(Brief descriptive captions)
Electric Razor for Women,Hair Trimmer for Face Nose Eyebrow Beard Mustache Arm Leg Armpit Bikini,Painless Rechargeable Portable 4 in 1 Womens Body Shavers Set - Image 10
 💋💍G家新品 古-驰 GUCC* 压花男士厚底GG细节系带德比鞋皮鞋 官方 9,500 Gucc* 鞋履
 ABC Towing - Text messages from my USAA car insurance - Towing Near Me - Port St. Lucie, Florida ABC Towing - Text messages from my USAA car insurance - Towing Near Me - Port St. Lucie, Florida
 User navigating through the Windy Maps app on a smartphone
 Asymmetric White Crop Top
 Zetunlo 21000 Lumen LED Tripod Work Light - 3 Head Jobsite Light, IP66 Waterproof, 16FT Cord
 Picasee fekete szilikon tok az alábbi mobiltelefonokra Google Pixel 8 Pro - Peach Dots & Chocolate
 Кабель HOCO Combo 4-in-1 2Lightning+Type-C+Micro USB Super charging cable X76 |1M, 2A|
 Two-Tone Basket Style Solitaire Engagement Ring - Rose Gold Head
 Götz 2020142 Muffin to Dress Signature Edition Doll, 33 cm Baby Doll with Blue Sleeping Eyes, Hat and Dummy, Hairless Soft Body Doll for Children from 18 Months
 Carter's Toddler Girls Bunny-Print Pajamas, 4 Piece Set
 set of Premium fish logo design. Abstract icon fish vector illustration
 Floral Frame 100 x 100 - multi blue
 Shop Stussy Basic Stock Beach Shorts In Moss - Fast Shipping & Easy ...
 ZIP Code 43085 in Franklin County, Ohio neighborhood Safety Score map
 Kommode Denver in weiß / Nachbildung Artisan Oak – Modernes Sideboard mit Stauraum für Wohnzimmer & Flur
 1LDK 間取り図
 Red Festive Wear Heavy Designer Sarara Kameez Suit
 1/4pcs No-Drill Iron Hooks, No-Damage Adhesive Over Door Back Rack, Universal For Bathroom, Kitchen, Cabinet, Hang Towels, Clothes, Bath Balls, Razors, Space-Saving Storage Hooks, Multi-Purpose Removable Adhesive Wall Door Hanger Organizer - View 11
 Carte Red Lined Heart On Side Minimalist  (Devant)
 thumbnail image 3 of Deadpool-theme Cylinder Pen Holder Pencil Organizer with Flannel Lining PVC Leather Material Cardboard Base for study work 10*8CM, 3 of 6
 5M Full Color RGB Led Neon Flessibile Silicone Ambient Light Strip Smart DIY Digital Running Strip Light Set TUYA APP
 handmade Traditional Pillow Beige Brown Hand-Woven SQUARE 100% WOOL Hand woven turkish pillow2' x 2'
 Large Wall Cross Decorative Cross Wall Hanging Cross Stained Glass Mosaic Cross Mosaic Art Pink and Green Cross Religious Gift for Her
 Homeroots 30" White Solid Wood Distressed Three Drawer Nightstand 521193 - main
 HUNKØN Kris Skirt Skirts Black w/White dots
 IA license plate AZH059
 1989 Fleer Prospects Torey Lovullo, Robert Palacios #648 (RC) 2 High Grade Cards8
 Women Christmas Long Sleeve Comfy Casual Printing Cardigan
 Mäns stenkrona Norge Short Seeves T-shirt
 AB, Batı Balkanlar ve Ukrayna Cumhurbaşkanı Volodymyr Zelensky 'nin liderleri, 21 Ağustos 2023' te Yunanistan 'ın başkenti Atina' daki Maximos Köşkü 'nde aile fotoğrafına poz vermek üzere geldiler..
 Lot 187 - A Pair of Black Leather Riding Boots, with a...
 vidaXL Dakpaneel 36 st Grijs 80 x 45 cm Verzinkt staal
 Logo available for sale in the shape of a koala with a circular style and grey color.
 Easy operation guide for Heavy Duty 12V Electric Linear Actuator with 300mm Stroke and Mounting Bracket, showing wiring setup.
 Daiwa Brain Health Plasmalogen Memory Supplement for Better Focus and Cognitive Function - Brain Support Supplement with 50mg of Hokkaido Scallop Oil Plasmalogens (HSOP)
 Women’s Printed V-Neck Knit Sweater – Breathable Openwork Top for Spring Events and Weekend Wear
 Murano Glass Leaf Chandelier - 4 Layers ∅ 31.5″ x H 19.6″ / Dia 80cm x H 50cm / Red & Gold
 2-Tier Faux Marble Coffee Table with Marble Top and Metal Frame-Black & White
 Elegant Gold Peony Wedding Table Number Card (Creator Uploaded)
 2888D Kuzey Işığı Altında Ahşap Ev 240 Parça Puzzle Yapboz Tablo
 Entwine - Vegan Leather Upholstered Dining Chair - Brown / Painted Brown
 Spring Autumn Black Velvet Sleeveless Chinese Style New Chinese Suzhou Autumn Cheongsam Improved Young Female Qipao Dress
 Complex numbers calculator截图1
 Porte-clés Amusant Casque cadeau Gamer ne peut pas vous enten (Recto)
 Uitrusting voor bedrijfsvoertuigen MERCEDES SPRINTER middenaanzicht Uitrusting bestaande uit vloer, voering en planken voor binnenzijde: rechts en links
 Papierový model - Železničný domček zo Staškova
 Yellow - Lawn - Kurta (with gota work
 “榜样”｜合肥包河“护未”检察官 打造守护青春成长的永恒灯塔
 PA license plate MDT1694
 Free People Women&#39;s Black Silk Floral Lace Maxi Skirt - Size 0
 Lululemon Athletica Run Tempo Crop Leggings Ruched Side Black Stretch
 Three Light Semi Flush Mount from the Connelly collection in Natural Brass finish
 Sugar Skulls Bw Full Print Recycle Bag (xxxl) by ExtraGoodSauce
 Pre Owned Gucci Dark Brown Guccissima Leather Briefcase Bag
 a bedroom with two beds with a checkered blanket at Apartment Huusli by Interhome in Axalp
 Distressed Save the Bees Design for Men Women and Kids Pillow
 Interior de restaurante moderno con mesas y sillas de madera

WORK ITEM
In the entries above, find the line holding "Elegant Gold Peony" and the line holding "Yellow - Lawn - Kurta (with gota work", then retype exactly those two lines and every line between them, and nothing else.

WRITTEN RESPONSE
 Elegant Gold Peony Wedding Table Number Card (Creator Uploaded)
 2888D Kuzey Işığı Altında Ahşap Ev 240 Parça Puzzle Yapboz Tablo
 Entwine - Vegan Leather Upholstered Dining Chair - Brown / Painted Brown
 Spring Autumn Black Velvet Sleeveless Chinese Style New Chinese Suzhou Autumn Cheongsam Improved Young Female Qipao Dress
 Complex numbers calculator截图1
 Porte-clés Amusant Casque cadeau Gamer ne peut pas vous enten (Recto)
 Uitrusting voor bedrijfsvoertuigen MERCEDES SPRINTER middenaanzicht Uitrusting bestaande uit vloer, voering en planken voor binnenzijde: rechts en links
 Papierový model - Železničný domček zo Staškova
 Yellow - Lawn - Kurta (with gota work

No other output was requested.